Legion hosts panel discussion about veterans’ contributions to national security

The American Legion’s National Security Division hosted a panel discussion with Spirit of America on Sept. 25 on Veterans Continuing to Serve: Harnessing the Power of American Veterans in Support of National Security.​ More than 25 veterans and civilians attended the event, held at the Legion’s National Headquarters office in Washington, D.C.

“The last two decades of conflict have revealed a requirement for whole of society approaches to our nation’s security and stability challenges,” said National Security Division Assistant Director Eric Goepel. “Given the current threat environment, it has never been more vital that we harness all aspects of national power to prevent, mitigate and resolve conflict.”

Goepel said one often-overlooked resource is the veteran community represented by The American Legion. The experiences, expertise and commitment of these servicemembers have tremendous potential when it comes to the benefit of the nation’s security.

“At the end of the day, we can’t rely on government alone to be able to take on these threats. It just simply is not realistic in this 21st century threat environment (that we live in),” said Isaac Eagan, chief operating officer for Spirit of America. “We owe it to our men and women in uniform (and those serving overseas) to give them every resource we can bring to bear as a country.”

Spirit of America, a privately-funded nonprofit charity founded in 2003, offers patriotic assistance to troops and diplomats in support of their missions abroad. The organization is dedicated to providing resources that are beneficial to the nation’s safety and success at-large.

“I think there are two real clear benefits that maybe we all think about every day,” Eagan said. “Number one is providing a way to really tap into the resource (that unlocks) the potential of our veteran community, especially veterans from this newest generation of soldiers who are just taking off their uniform. They want to go and continue to serve – they understand the capabilities, the expertise and the resources that they bring to bear as veterans. They don’t want to step away from the mission entirely.”

Through a groundbreaking partnership with the U.S. military, Eagan said Spirit of America’s all-veteran field team works alongside deployed American troops to provide private-sector resources and know-how that support their missions. Once a critical need that can’t be met by the government is identified, Spirit of America seeks donations from American citizens so it can provide fast and flexible support.

“I think giving American citizens a way to directly engage, making them a partner in this (effort) and making them feel as if they have a true sense of agency in supporting our missions abroad is a very, very powerful resource,” he said. “Fundamentally, having a more engaged, more informed, and more educated citizenry makes for a far better-run country.”

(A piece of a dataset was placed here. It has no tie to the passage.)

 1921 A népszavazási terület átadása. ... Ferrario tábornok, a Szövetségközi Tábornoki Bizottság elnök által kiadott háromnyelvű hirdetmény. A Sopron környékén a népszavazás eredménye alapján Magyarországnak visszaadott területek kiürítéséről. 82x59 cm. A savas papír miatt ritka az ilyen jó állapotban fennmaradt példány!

When it comes to harnessing the power of veterans in national security, Goepel said Spirit of America is a prime example of citizens working together to bring the nation’s strength to bear.

“Far too often debates about the proper role of the United States in the world are boiled down to clichés,” said Kate Bateman, a visiting fellow at the Center for a New American Security/Council on Foreign Relations International Affairs. “Military operations are critical but we also need front-line civilians, diplomats, development workers, lawyers, police trainers and others who can work with local people and can tackle the root causes of conflict and instability. We need them to make it less likely that our troops need to deploy.”

For Bateman, dealing with long-term security challenges in the United States must involve a civil-military approach. Veterans can play a major role in helping other Americans better understand what threats face the nation and the tools needed to resolve them, she said.

“We’ve spent more than 16 years largely focused on mowing the grass. It is about time that we pay more attention to the soil,” said Bateman, a former official at the U.S. Department of State and Department of Defense. “Even if the U.S. had unlimited resources, many of the changes that must happen, that will make us safer, cannot be made by us. We alone cannot make (everlasting) change in another society; only the citizens of that country can make such change. Chances are the United States is going to keep trying to improve governance and security in other countries. Our track record is merely not great, but we made these efforts because we need other countries to be able to secure themselves so they don’t harbor threats to us.”

Having supported U.S. personnel in 51 countries, Spirit of America has completed more than 770 projects, including countering ISIS in northern Iraq. The organization has an open request for identification of local needs – personnel serving abroad are encouraged to email that information to staff@spiritofamerica.org.

“Spirit of America and the things that they represent is one aspect of what is different today. We need to have things like Spirit of America that tie the American people to this contemporary threat environment that we’re operating in,” said Retired Army Lt. Gen. Charles Cleveland, former commander of the U.S. Army Special Operations Command. “We know, in our core, that everyone should experience the freedoms that we have. I think we’re in a special place and that’s how we need to take a look at it going forward.”